DATA BELOW:
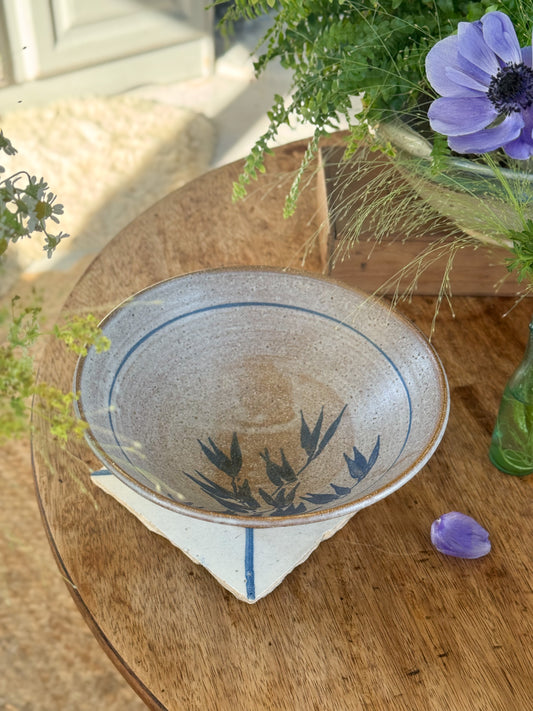 Vintage Studio Pottery Blue Floral Fluted Bowl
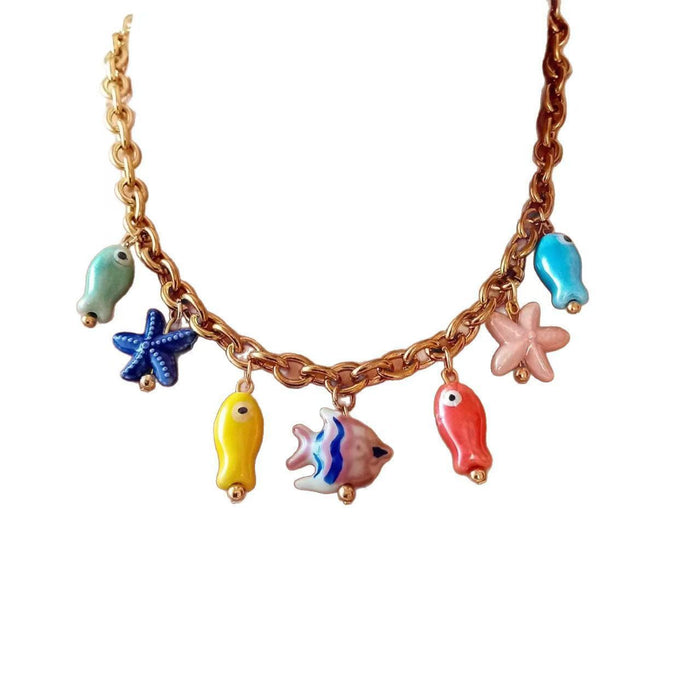 Wholesale Golden Chain Charm Series Necklace Fashion and Leisure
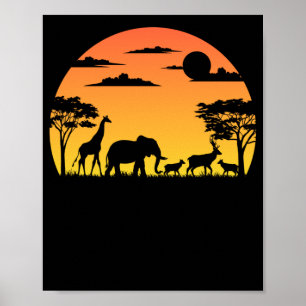 Wilde Afrikaanse dieren Safari Sunset Poster
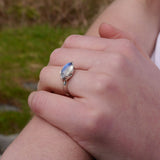 Rainbow moonstone pierced ring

PROBLEM STATEMENT:
Your output must consist only of the lines from the line with "Wholesale Golden Chain" through the final line of the data, both included, reproduced exactly and free of pictures.

ANSWER TO THE PROBLEM:
 Wholesale Golden Chain Charm Series Necklace Fashion and Leisure
 Wilde Afrikaanse dieren Safari Sunset Poster
 Rainbow moonstone pierced ring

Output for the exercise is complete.